Last year, investors stepped in for $5.6 billion in funds that invest in virtual currencies, an increase of 600% compared to a year earlier. By comparison, last year investors got into a record amount of $47.9 billion in gold ETFs. The gold market is still a lot bigger than that of virtual currencies, but the second is growing faster. It is therefore plausible that more investors are currently buying Bitcoin and that the gold price has come under some pressure as a result. Below you can see the price development of the precious metal and the virtual currency since the beginning of last year.
Gold price development versus Bitcoin
The gold price is currently facing headwinds due to rising interest rates, positive expectations about the economy and a flight to virtual currencies. In the short term, this could put further pressure on the price, but in the longer term, we remain positive on the precious metal. Rising inflation expectations and accommodative monetary policy will further erode the purchasing power of money.

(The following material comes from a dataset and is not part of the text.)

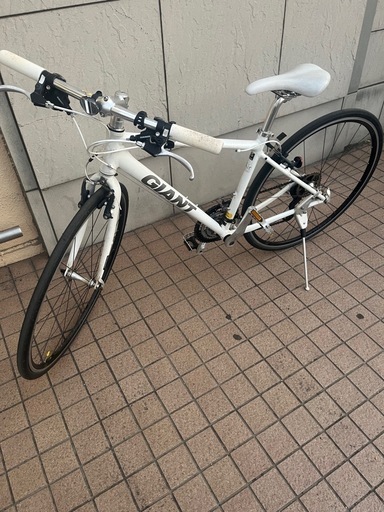 明日限定ジャイアント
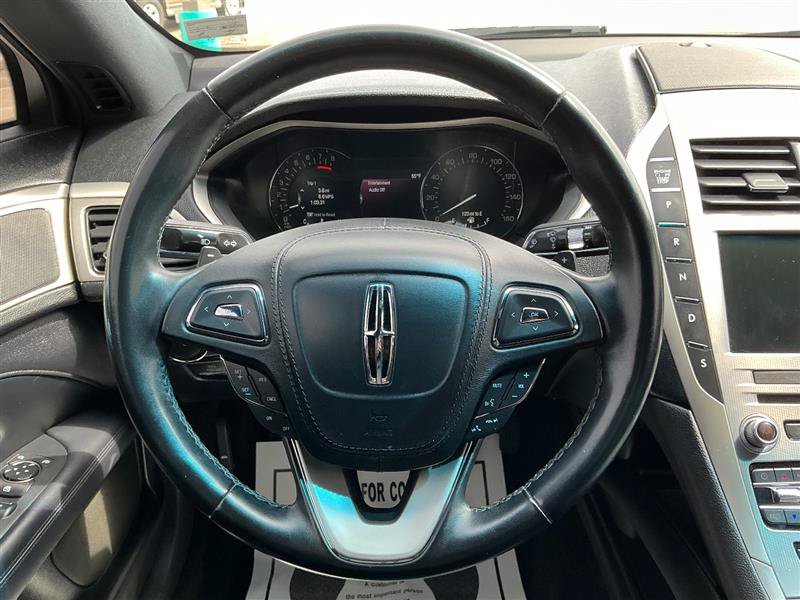 Used 2018 Lincoln MKZ Premiere AWD/4WD image 41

Historically, tangible assets such as precious metals, real estate and the like perform well in times of currency depreciation.
We may also be able to add Bitcoin to the list of safe havens, but by High volatility the virtual currency is not for everyone. Gold is a much safer alternative to the savings account that no longer yields interest. The precious metal also has a proven track record as an instrument that manages to maintain its purchasing power in the long term. Central banks also hold large gold reserves that they can use for a monetary reset. Due to the drop in prices, gold may now be an attractive alternative to stocks or virtual currencies.
Disclaimer: Holland Gold does not provide investment advice and this article should not be considered as such. Past performance is no guarantee of future results.